Un ulteriore elemento di riflessione ci viene dalla tabella 3, la quale riporta i massimi assoluti registrati dal nostro Servizio Idrografico per il periodo 1925-50 nei diversi Compartimenti in cui era suddiviso. Si noti che per il Compartimento Adriatico – Romagna si riporta un massimo assoluto su due giorni di 359 mm e che è stato registrato a Cà Chiombi (571 m slm) nel bacino del Reno. Un dubbio che viene alla luce di tale valore è se per fini di pianificazione territoriale sia conveniente limitarsi ai massimi pluviometrici riferiti a un singolo bacino, peraltro molto stretto e allungato come il Lamone (figura 1), e non convenga invece estendere la propria valutazione ad ambiti più ampi come i Compartimenti del Servizio Idrografico. In tal senso si evidenzia che una variazione nei fattori circolatori sinottici e a mesoscala avrebbe potuto far spostare di 50-100 km più a ovest i massimi registrati nella bassa collina del bacino del Lamone, coinvolgendo ben altri bacini.

  1. Il caso dell’Olona

Un esempio di gestione del rischio idraulico in un contesto assai diverso da quello del Lamone ma che può comunque offrire alcun spunti utili è quello del fiume Olona. Si tratta di un corso d’acqua a regime torrentizio con una portata media variabile lungo il percorso tra 2 e 14 m3/s. Oggetto di interventi di modifica del percorso sin dall’epoca romana, poi costellato di ruote idrauliche con le relative opere di supporto, successivamente ancora ampiamente canalizzato a sostegno dello sviluppo industriale nel XIX e XX secolo. Avvicinandosi a Milano il suo percorso è del tutto artificiale e totalmente tombato. Certamente un bacino idrogeologico complesso, ampiamente antropizzato e quindi molto “impermeabilizzato”. Si ricordano almeno due piene disastrose, nel 1951 (a Castellanza – a metà corso – vennero registrati quasi 50 m3/s) e nel 1995. Altri eventi alluvionali si sono avuti nel 1801, 1910, 1936,1976, 1982, 1984, 1991, 1992, 2001 con danni complessivamente ingenti, anche se presumibilmente meno ampi di quelli ripetutisi in Emilia Romagna.

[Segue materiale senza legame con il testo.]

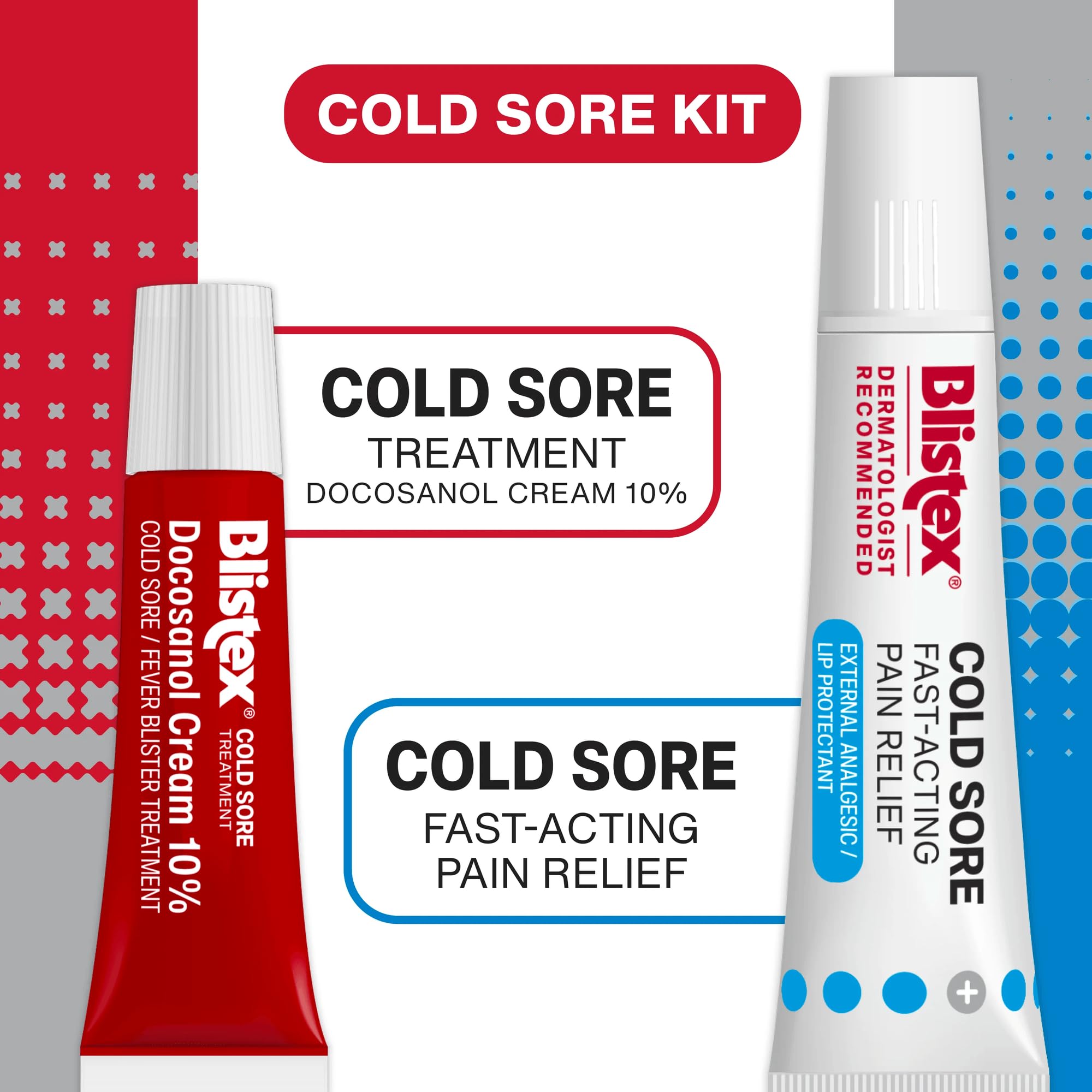 Blistex: crema con lidocaína para alivio inmediato del dolor.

Nel caso dell’Olona siamo chiaramente in una situazione idrogeologica totalmente diversa ma comunque molto critica. Situazioni che però si possono risolvere, ma richiedono programmazione e investimenti. Al riguardo si può ricordare che non fu sufficiente la costruzione di un canale scolmatore tra il 1950 e il 1980, immediatamente a nord di Milano; la situazione si è finalmente risolta con la costruzione di una diga di controllo del flusso con relativo bacino di contenimento nei pressi di Varese e di due vasche di laminazione (una in fase di completamento). Per il resto si è proceduto a eliminare parte delle canalizzazioni e delle tombature del corso, ampliandone l’alveo e “rinaturalizzandolo”, termine a nostro giudizio improprio perché di fatto di tratta di arginature con grandi massi che dovrebbero essere soggette a parziale colonizzazione vegetale. Adesso l’Olona non fa più “paura”, ma in parallelo il caso del fiume Seveso, che provoca periodiche inondazioni nel Nord Milano, è tuttora aperto.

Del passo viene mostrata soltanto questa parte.